WORK REQUIRED
Return only these lines, exactly: the one containing "carlos pons beauty center by nan arquitectos" and every line after it in the listing.
━━━ MATERIAL PROVIDED ━━━
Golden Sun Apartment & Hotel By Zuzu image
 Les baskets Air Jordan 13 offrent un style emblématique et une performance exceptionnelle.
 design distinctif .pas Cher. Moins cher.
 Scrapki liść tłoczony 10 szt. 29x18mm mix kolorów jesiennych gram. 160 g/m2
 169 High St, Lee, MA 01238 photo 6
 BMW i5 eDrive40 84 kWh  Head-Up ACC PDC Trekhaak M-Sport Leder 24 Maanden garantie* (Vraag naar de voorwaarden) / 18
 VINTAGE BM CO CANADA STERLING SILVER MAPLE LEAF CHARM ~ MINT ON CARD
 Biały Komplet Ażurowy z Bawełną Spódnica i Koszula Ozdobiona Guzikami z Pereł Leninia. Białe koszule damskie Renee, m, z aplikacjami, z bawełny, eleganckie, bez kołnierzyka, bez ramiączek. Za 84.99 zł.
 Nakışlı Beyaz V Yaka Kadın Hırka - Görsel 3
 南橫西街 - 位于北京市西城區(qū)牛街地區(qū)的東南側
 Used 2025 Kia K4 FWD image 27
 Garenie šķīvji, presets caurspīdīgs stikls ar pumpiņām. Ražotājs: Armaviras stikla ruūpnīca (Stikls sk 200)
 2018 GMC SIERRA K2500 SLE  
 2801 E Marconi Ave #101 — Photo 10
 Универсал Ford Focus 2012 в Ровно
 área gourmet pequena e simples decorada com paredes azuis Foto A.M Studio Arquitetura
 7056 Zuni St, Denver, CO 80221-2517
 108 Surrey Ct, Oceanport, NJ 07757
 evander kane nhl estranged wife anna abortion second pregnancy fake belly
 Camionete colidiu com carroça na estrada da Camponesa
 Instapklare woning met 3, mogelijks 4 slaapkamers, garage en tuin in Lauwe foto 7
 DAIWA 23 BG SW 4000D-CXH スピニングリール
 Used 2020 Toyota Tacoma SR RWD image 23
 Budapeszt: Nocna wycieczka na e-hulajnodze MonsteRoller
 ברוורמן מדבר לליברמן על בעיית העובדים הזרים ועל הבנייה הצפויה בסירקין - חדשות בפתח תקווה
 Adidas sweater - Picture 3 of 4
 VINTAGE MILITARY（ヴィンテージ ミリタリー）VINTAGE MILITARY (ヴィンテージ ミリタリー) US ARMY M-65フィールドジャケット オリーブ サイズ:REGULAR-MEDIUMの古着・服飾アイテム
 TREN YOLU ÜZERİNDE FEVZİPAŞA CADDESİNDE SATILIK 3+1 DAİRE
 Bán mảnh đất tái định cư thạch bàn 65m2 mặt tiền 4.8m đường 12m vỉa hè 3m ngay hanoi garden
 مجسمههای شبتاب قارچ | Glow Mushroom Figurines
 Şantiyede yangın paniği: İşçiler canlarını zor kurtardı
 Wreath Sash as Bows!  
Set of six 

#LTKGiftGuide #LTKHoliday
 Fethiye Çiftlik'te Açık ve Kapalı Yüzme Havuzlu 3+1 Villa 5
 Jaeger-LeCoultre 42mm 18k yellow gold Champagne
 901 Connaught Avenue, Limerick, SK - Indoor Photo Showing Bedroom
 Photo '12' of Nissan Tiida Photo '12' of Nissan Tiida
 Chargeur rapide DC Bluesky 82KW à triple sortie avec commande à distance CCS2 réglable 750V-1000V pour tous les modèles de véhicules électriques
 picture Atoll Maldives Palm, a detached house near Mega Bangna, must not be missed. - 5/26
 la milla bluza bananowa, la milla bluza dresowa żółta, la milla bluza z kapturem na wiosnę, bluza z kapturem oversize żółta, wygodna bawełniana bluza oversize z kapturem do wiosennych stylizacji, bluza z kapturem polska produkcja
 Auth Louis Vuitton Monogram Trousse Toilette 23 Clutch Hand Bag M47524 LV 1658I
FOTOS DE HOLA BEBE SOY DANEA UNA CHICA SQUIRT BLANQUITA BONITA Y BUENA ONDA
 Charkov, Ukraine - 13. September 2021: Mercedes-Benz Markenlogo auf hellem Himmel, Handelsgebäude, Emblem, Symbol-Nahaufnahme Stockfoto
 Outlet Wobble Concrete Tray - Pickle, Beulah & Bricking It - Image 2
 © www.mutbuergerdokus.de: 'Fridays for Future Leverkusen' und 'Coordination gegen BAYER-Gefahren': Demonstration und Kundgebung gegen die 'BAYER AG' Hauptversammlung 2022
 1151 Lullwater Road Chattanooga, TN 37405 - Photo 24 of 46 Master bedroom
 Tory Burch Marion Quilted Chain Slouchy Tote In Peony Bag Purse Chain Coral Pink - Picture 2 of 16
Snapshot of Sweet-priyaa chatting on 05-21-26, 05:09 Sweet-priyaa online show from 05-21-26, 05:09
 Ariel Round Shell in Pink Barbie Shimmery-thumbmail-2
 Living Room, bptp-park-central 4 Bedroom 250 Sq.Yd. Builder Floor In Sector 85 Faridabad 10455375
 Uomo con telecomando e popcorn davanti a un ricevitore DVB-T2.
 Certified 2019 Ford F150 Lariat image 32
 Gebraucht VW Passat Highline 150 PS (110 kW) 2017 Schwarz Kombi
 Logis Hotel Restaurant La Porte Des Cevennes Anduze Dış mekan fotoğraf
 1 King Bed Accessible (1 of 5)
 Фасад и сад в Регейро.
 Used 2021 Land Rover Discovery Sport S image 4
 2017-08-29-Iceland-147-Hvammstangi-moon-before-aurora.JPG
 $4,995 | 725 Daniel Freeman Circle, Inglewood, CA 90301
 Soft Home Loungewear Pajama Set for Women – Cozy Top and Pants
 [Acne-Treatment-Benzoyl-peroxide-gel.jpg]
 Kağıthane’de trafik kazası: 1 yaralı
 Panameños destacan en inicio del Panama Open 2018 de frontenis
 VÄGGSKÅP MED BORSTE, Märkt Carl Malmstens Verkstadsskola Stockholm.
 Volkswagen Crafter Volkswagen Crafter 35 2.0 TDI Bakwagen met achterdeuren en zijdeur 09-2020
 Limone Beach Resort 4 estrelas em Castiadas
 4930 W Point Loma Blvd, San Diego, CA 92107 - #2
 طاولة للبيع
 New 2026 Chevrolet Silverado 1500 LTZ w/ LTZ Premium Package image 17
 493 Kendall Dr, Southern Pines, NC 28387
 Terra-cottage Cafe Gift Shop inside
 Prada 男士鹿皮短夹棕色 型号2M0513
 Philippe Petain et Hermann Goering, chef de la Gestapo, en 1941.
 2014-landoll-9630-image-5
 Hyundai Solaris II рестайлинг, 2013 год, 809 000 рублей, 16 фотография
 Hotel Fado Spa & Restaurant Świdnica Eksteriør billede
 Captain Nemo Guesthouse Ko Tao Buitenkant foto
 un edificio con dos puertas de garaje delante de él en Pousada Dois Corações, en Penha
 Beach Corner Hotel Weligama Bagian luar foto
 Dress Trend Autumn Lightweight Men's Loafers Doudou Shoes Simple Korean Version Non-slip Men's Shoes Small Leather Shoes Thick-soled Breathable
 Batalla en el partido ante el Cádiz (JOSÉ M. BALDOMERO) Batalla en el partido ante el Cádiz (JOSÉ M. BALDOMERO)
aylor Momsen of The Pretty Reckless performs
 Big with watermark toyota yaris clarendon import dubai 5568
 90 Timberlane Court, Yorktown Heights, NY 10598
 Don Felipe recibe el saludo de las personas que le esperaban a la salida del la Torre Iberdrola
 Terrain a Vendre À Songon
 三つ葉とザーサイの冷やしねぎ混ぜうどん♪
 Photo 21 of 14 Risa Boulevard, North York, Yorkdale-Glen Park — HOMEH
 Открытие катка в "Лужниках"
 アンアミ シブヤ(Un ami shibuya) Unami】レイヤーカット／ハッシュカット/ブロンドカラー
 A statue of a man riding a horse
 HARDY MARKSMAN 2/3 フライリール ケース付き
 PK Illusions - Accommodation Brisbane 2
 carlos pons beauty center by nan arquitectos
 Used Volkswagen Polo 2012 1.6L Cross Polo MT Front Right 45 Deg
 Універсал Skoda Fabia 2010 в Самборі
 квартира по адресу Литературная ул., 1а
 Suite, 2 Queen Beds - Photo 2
━━━
THE ANSWER
 carlos pons beauty center by nan arquitectos
 Used Volkswagen Polo 2012 1.6L Cross Polo MT Front Right 45 Deg
 Універсал Skoda Fabia 2010 в Самборі
 квартира по адресу Литературная ул., 1а
 Suite, 2 Queen Beds - Photo 2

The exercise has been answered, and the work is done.